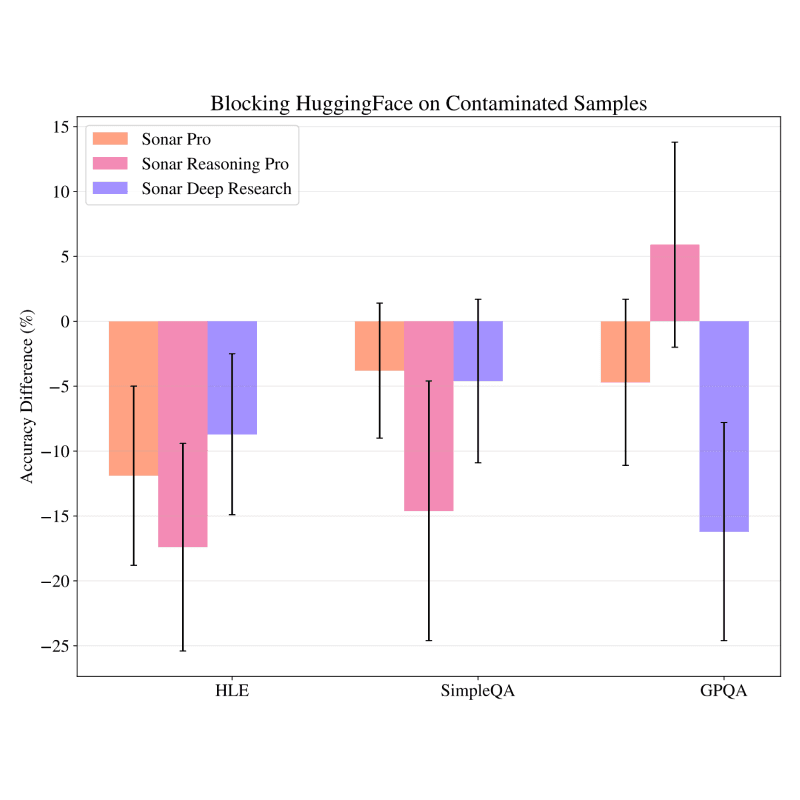 Search-Time Data Contamination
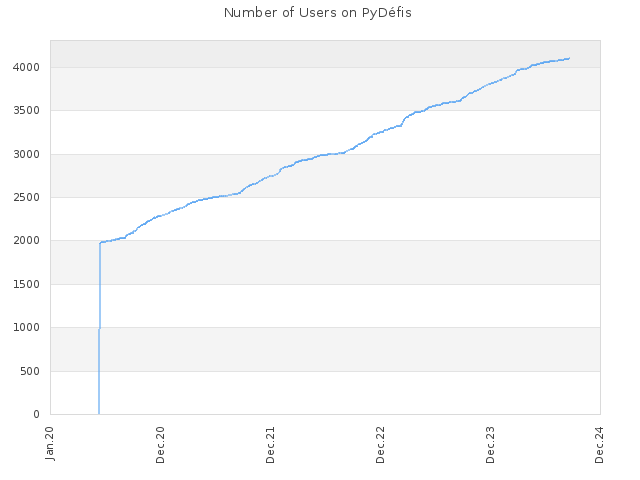 Number of Users on PyDéfis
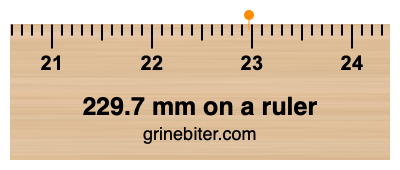 Where is 229.7 millimeters on a ruler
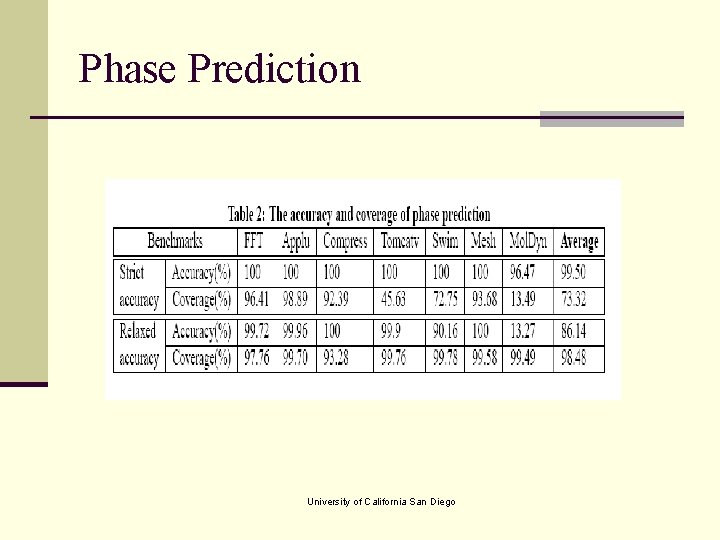 Phase Prediction University of California San Diego 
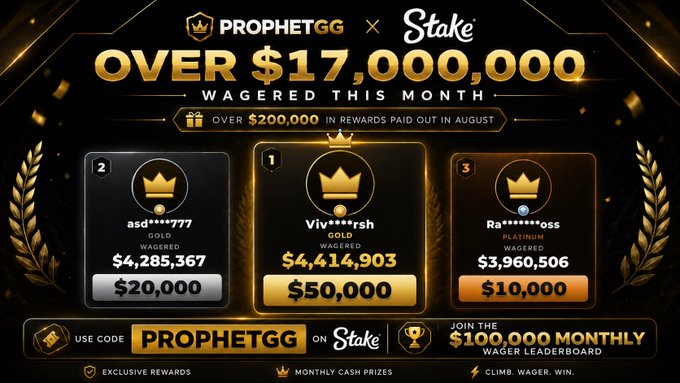 A promotional graphic highlighting over $17,000,000 wagered on Stake this month using code "PROPHETGG," featuring a top-three leaderboard with "Viv*****rsh" in 1st place winning $50,000, "asd*****777" in 2nd winning $20,000, and "Ra*****oss" in 3rd winning $10,000. The image visualizes the monthly leaderboard and $100,000 in prizes referenced in the accompanying giveaway post.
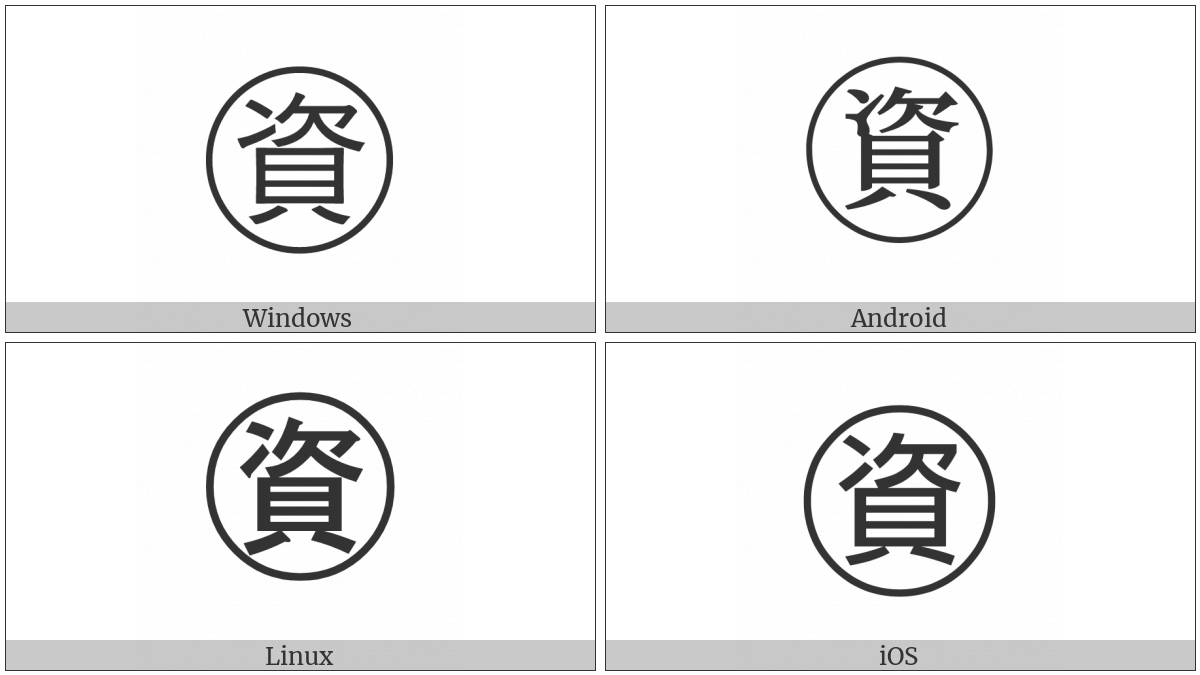 Circled Ideograph Resource on various operating systems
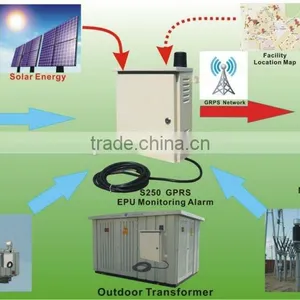 GPRS Outdoor Alarm Controller S250,Three-Phase Power Line Protection,NC/NO/EOL Dry Contact,Remote Relay Output thumbnail-4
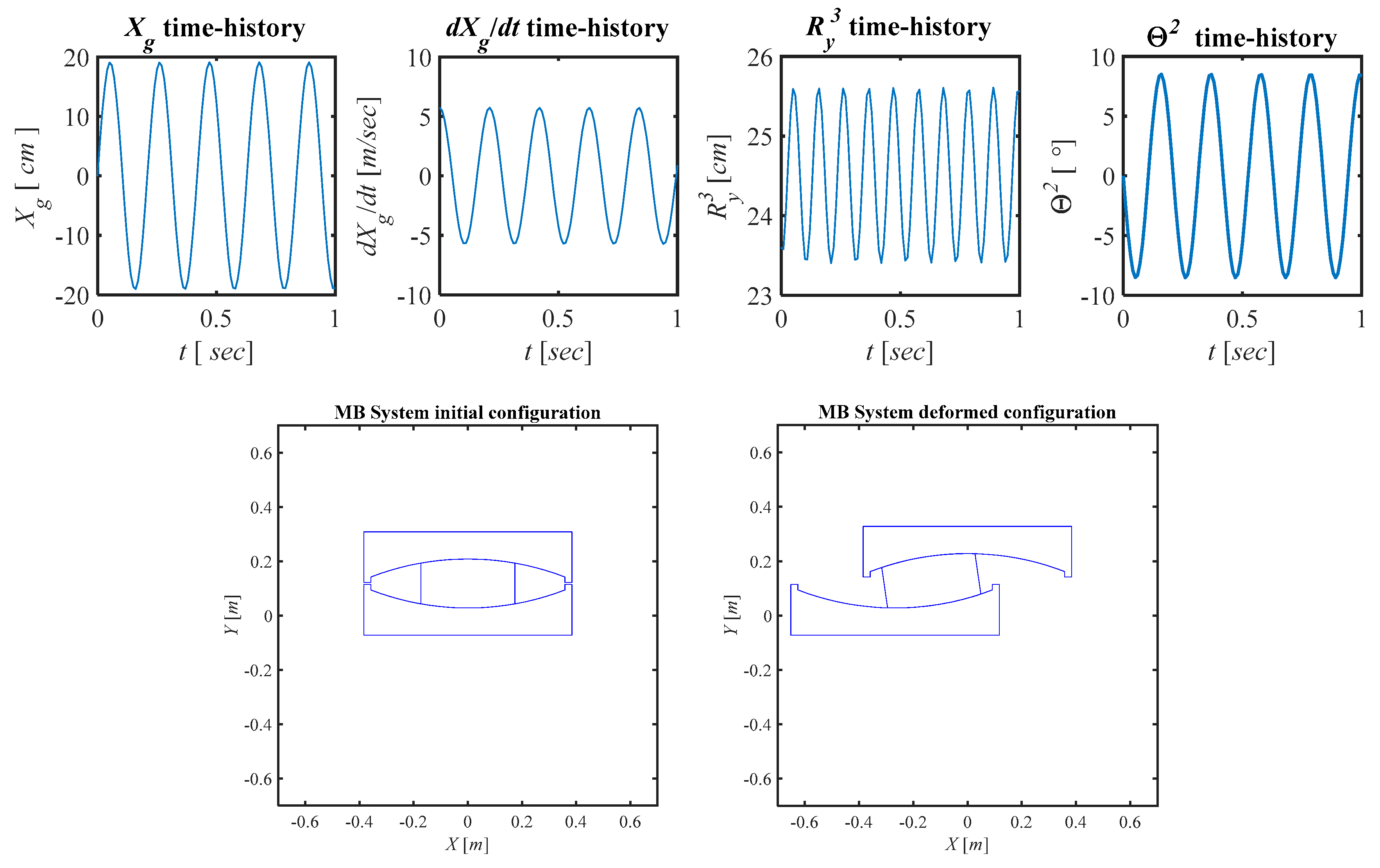 Buildings 11 00050 g011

___

### Assignment
The result should be an exact copy of the material, containing no pictures.

### Solution to the exercise
 Search-Time Data Contamination
 Number of Users on PyDéfis
 Where is 229.7 millimeters on a ruler
 Phase Prediction University of California San Diego 
 A promotional graphic highlighting over $17,000,000 wagered on Stake this month using code "PROPHETGG," featuring a top-three leaderboard with "Viv*****rsh" in 1st place winning $50,000, "asd*****777" in 2nd winning $20,000, and "Ra*****oss" in 3rd winning $10,000. The image visualizes the monthly leaderboard and $100,000 in prizes referenced in the accompanying giveaway post.
 Circled Ideograph Resource on various operating systems
 GPRS Outdoor Alarm Controller S250,Three-Phase Power Line Protection,NC/NO/EOL Dry Contact,Remote Relay Output thumbnail-4
 Buildings 11 00050 g011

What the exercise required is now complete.